Emacs/Introduction to Emacs Lisp

Emacs Lisp is a programming language that belongs to the Lisp family of languages (which includes Scheme and Common Lisp). Lisp is the second-oldest programming language still in modern use (after Fortran), but although the Lisp community remains active it is now very small. As a result, most developers never have cause to learn Lisp, and a great many developers who use Emacs consider Emacs Lisp alien territory.

Although Emacs Lisp is not a mainstream programming language, it is a powerful language that is used to implement most of Emacs itself. This means that as an Emacs extension author you are using the same language, with access to all the same libraries, as was originally used to write the editor. This makes Emacs uniquely powerful; although other editors such as Eclipse accept extensions that modify their behaviour, no other editor can allow its behaviour to be tweaked at run-time with native code.

Simple examples of Emacs Lisp

edit

Emacs Lisp is such a fundamental part of the Emacs way of thinking that it doesn't make you go somewhere special to execute Lisp expressions; you can do it from any buffer. Right in the middle of writing a C function you can just drop some Emacs Lisp in there, execute it, and see a result right away.

Go into any Emacs buffer and type the following:

(+ 1 2)

Position the cursor after the close parenthesis and type C-x C-e (control and x, followed by control and e). The expression will be evaluated and the result will be displayed in the minibuffer. This expression simply adds the values 1 and 2, so the resultant value 3 should appear in the minibuffer.

Though the calculation is simple, the way it's expressed might catch some people out. Expressions in Emacs Lisp always take the same form: Open parenthesis, a function identifier, a list of arguments to that function, and finally a close parenthesis. All the expression above means is that we're calling the + function (addition) and giving it the arguments of 1 and 2.

This way of writing operations is known as Polish notation (also called Polish prefix notation or simply prefix notation). Seeing addition written this way seems unnatural to most programmers at first, since they are used to seeing mathematical expressions written with the operator in the middle, so-called infix notation. However, most programmers are also familiar with calling functions, where the function name appears before the arguments. Most programming languages make a distinction between operators, which use infix notation, and functions, which use prefix notation. In languages of the Lisp family there is no such distinction, and all calls use prefix notation. Though this takes some getting used to, it provides the benefit that all code follows the same structure, which makes it much easier for Lisp code to read and write Lisp code, thereby making the language much better at introspection.

In case this bothers you, it's worth reminding yourself just how arbitrary the dividing line between functions and operators can be. Particularly in object-oriented languages that allow operators to be re-defined or specialised for classes, they are really just syntactic sugar to function calls anyway.
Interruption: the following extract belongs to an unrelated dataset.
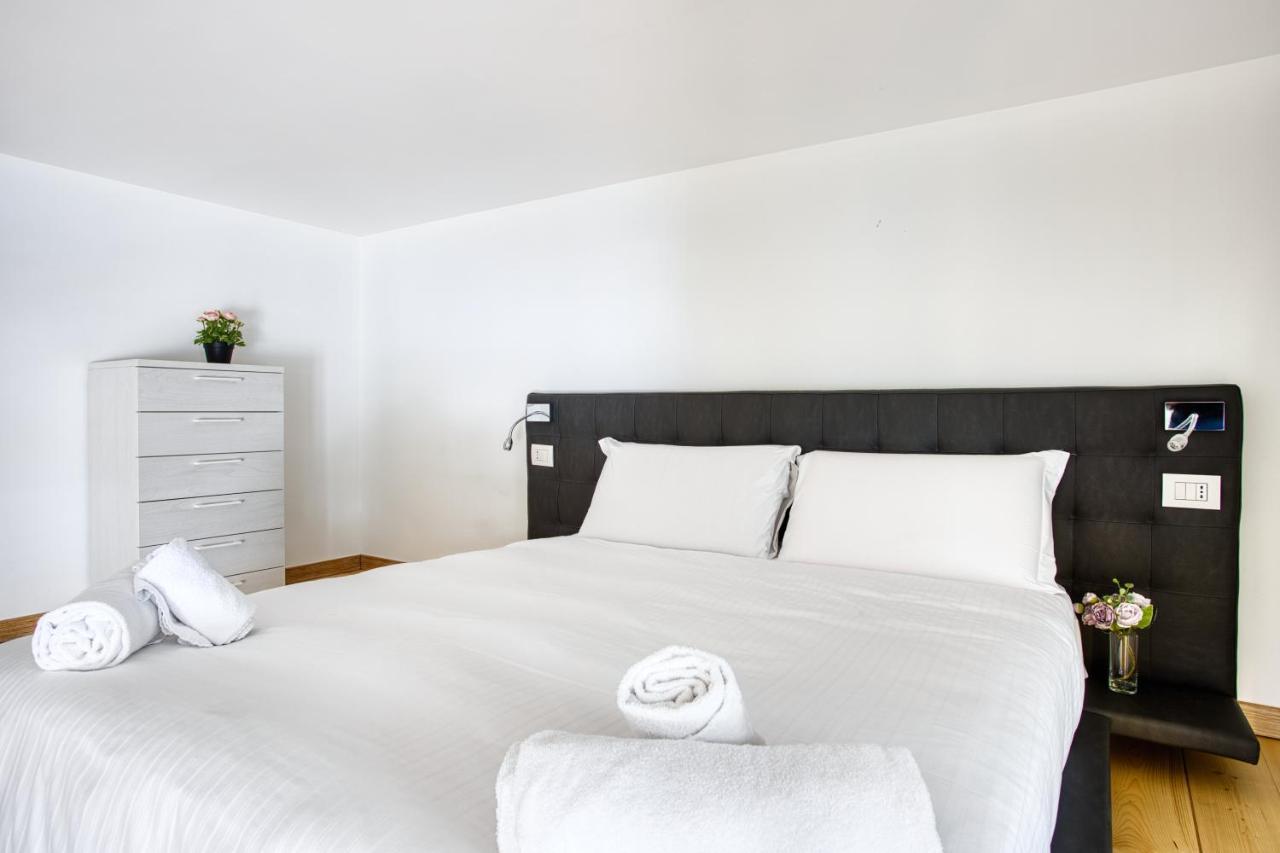 Joivy Charismatic 1-Bed Flat With Parking Apartman Milánó Kültér fotó
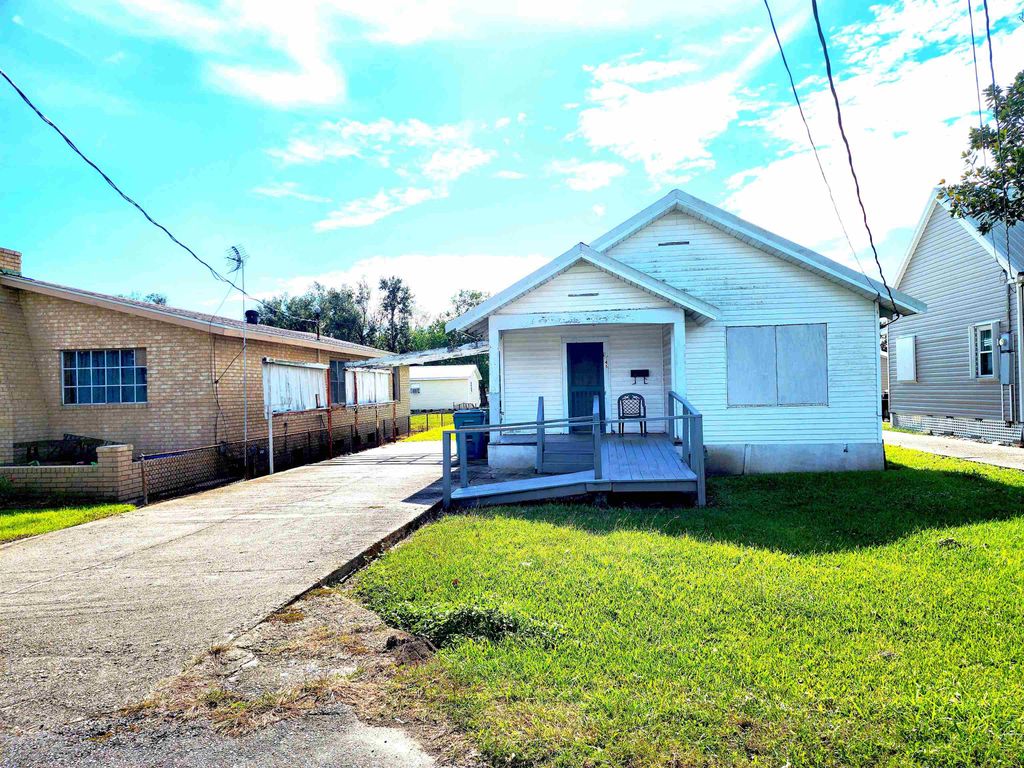 145 Lefort Lane, Golden Meadow, LA 70357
There can be any number of arguments in a function call (assuming the function supports it, which most functions will do if it is meaningful to do so):

(+ 1 2 3 4)

The arguments to a function can themselves be function calls. For example, the following expression adds the first three square numbers:

(+ (* 1 1) (* 2 2) (* 3 3))

The first element after the open parenthesis must always be a function identifier.

The parentheses are an integral part of the expression; if you remove the parenthesis from (+ 1 2) there is no Lisp expression there (to be precise, there are three separate and unconnected Lisp expressions, and no function evaluation). Extra parentheses aren't harmless, like they are in some languages. Consider the expression:

((+ 1 2 3))

The expression is evaluated recursively, so the inner expression is evaluated first, and this reduces to:

(6)

The meaning of this expression is applying the function 6 with no arguments, but since there is no such function, an error will be thrown. You can regard the parentheses as being like the parentheses on a function call in C, rather than like simple arithmetic parentheses for modifying operator precedence.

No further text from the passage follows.